■ **What is expected**:
Where the material below has a line containing "Purse (Gimmick and", start repeating exactly, and keep going through the line containing "Best Location Apartments", with no other lines.

■ **Records shown**:
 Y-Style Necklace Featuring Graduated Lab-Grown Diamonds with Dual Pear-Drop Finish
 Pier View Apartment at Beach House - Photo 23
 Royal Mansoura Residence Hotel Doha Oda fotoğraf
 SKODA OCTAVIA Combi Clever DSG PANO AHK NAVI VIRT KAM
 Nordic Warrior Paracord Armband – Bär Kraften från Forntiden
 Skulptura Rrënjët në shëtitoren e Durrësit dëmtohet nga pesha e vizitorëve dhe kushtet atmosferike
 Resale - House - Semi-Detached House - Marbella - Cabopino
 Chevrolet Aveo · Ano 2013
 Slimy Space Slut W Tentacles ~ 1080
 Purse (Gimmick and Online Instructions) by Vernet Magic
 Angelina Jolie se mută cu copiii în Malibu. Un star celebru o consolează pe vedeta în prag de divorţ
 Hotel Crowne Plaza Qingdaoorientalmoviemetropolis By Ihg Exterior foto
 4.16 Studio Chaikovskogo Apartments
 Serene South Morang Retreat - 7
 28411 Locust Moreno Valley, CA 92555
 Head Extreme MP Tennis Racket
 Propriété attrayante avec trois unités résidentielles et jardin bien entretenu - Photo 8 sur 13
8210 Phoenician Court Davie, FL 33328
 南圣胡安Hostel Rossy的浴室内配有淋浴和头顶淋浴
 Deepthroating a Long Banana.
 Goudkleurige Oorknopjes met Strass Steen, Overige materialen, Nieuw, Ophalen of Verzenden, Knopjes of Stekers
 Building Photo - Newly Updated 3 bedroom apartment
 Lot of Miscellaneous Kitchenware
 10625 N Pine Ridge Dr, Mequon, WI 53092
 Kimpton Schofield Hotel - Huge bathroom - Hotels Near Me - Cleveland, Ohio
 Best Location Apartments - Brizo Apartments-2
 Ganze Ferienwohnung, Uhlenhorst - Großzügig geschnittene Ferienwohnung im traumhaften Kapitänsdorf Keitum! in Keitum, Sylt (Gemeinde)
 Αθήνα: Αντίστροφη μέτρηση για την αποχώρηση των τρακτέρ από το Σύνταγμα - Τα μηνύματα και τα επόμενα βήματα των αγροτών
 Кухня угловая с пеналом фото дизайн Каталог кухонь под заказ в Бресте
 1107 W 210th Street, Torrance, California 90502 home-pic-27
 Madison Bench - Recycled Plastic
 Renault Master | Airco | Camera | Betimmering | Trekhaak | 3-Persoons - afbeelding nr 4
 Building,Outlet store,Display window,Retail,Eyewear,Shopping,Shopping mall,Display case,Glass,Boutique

■ **Solved exercise**:
 Purse (Gimmick and Online Instructions) by Vernet Magic
 Angelina Jolie se mută cu copiii în Malibu. Un star celebru o consolează pe vedeta în prag de divorţ
 Hotel Crowne Plaza Qingdaoorientalmoviemetropolis By Ihg Exterior foto
 4.16 Studio Chaikovskogo Apartments
 Serene South Morang Retreat - 7
 28411 Locust Moreno Valley, CA 92555
 Head Extreme MP Tennis Racket
 Propriété attrayante avec trois unités résidentielles et jardin bien entretenu - Photo 8 sur 13
8210 Phoenician Court Davie, FL 33328
 南圣胡安Hostel Rossy的浴室内配有淋浴和头顶淋浴
 Deepthroating a Long Banana.
 Goudkleurige Oorknopjes met Strass Steen, Overige materialen, Nieuw, Ophalen of Verzenden, Knopjes of Stekers
 Building Photo - Newly Updated 3 bedroom apartment
 Lot of Miscellaneous Kitchenware
 10625 N Pine Ridge Dr, Mequon, WI 53092
 Kimpton Schofield Hotel - Huge bathroom - Hotels Near Me - Cleveland, Ohio
 Best Location Apartments - Brizo Apartments-2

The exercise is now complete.